▶ _Instructions for the task_
Leaving the pictures aside, repeat each line below exactly.

▶ _Input material_
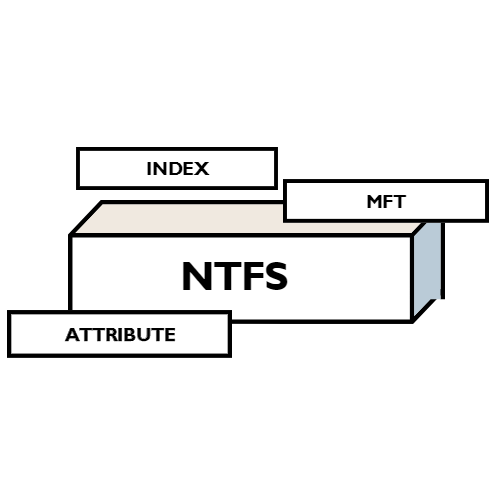 NTFS(New Technology File System) File System Structure Analysis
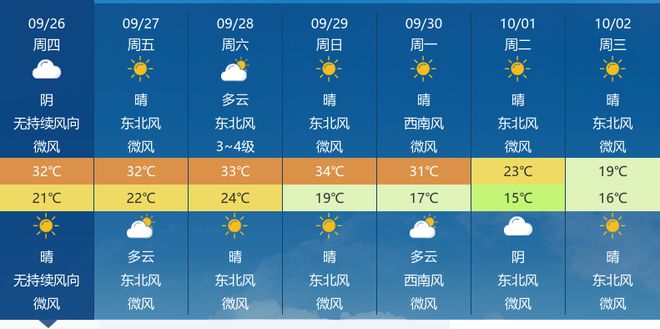 最新中央台天气预报，时代的风向标与民生的晴雨表通知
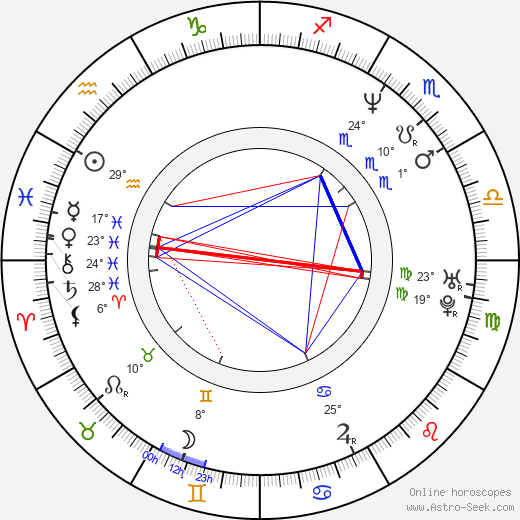 Roberto Baggio birth chart, biography, wikipedia 2023, 2024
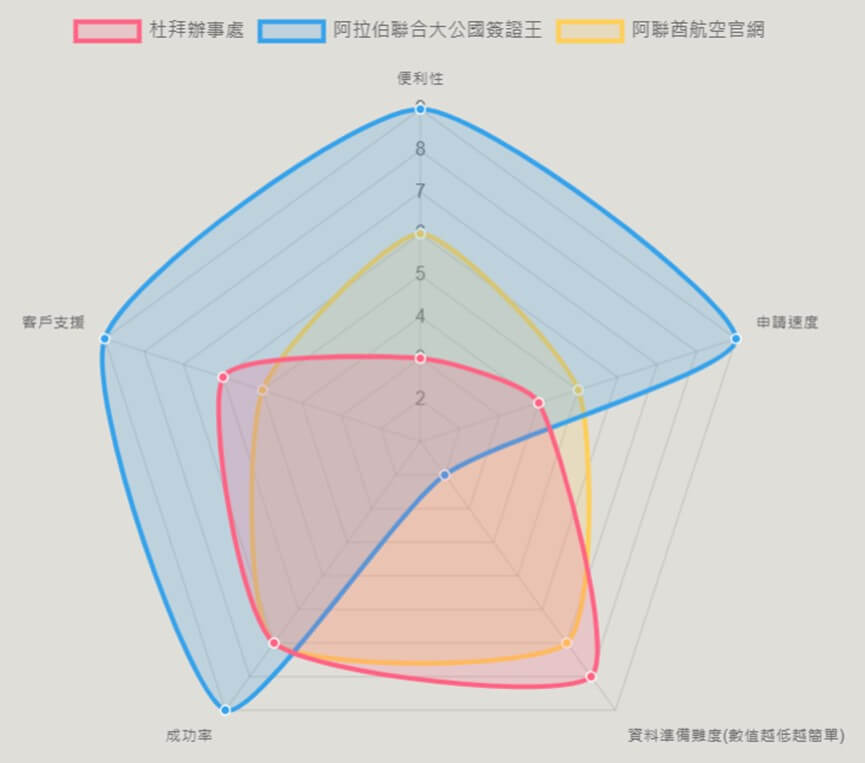 杜拜簽證申請方式比較圖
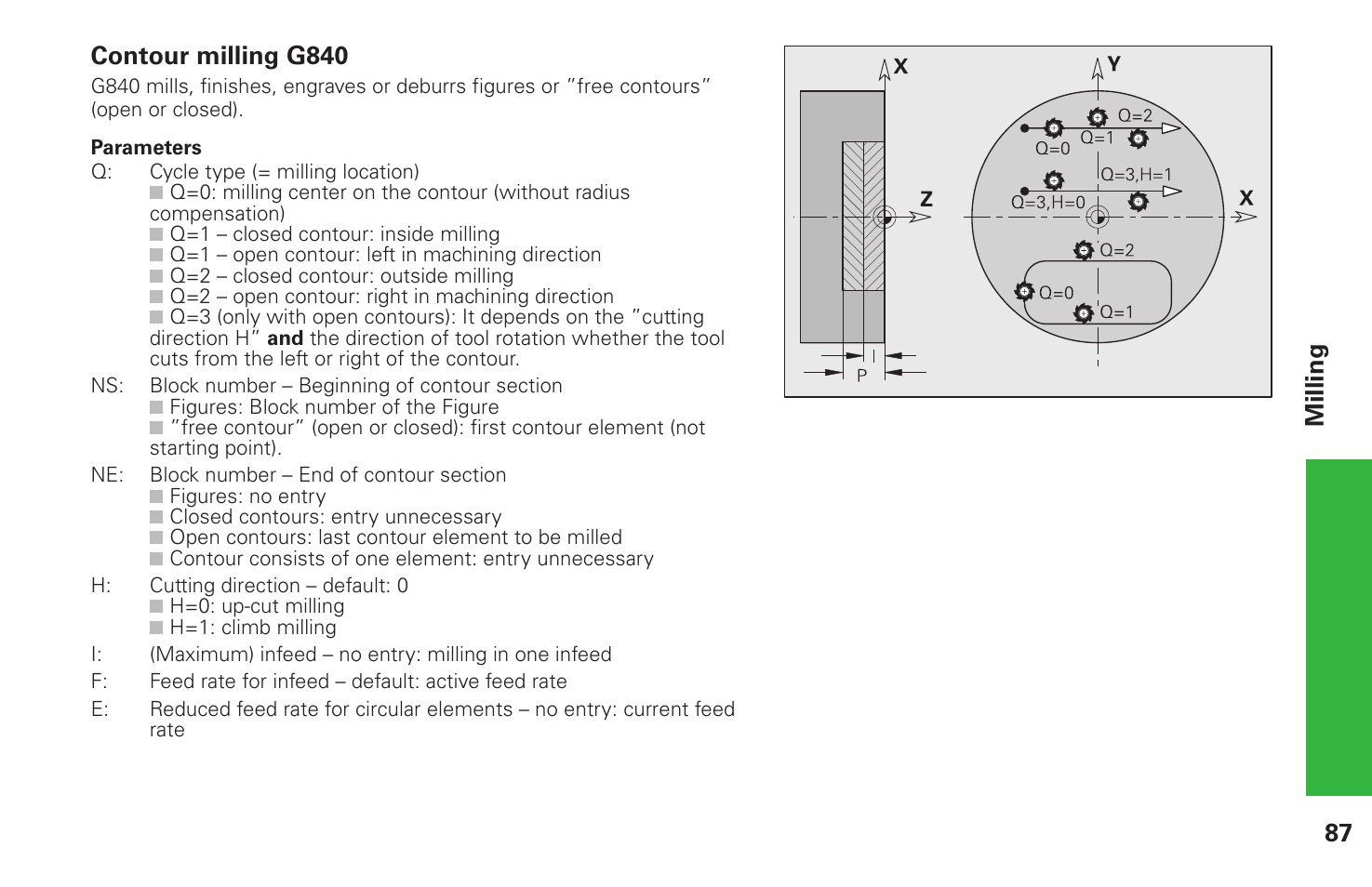 HEIDENHAIN CNC Pilot 4290 Pilot User Manual | Page 87 / 94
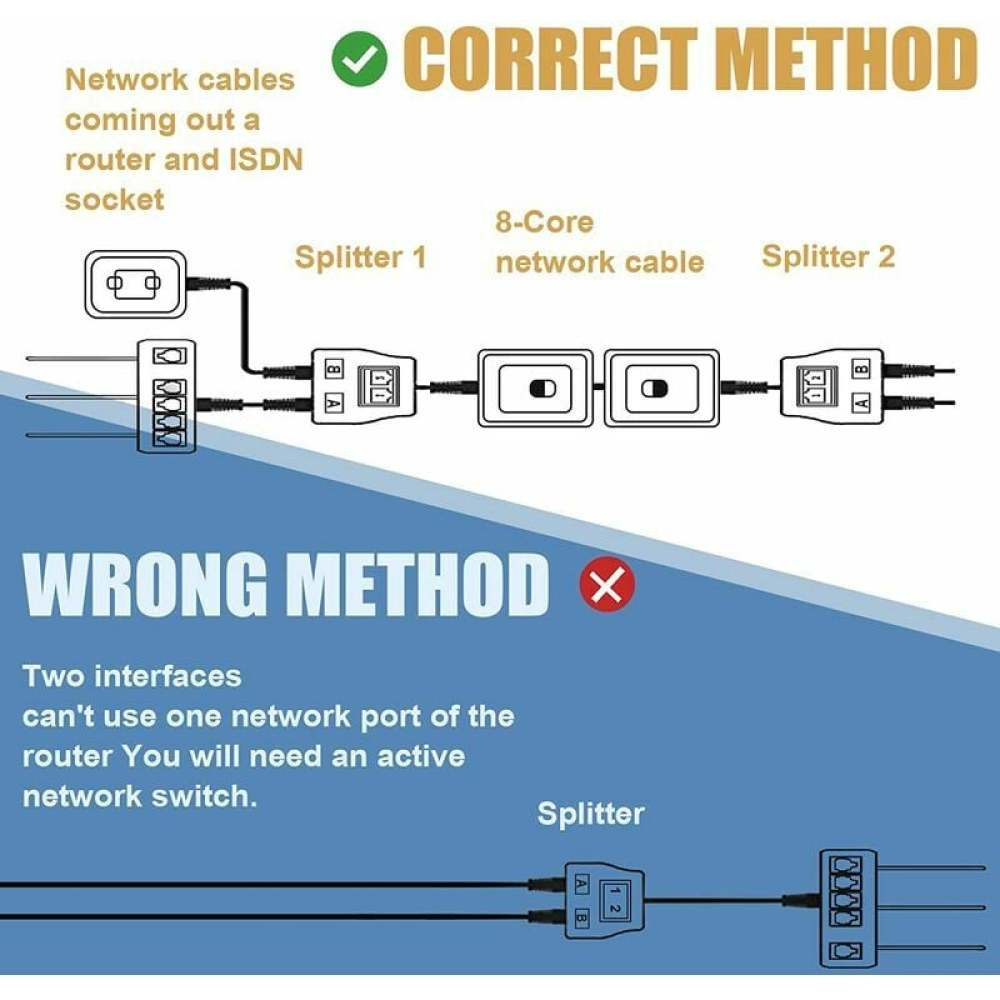 Diagramm mit korrekten und inkorrekten Methoden für Netzwerkkabelverbindungen, unter Verwendung von Splittern und Routern. Enthält Beschriftungen.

▶ _Output for this exercise_
 NTFS(New Technology File System) File System Structure Analysis
 最新中央台天气预报，时代的风向标与民生的晴雨表通知
 Roberto Baggio birth chart, biography, wikipedia 2023, 2024
 杜拜簽證申請方式比較圖
 HEIDENHAIN CNC Pilot 4290 Pilot User Manual | Page 87 / 94
 Diagramm mit korrekten und inkorrekten Methoden für Netzwerkkabelverbindungen, unter Verwendung von Splittern und Routern. Enthält Beschriftungen.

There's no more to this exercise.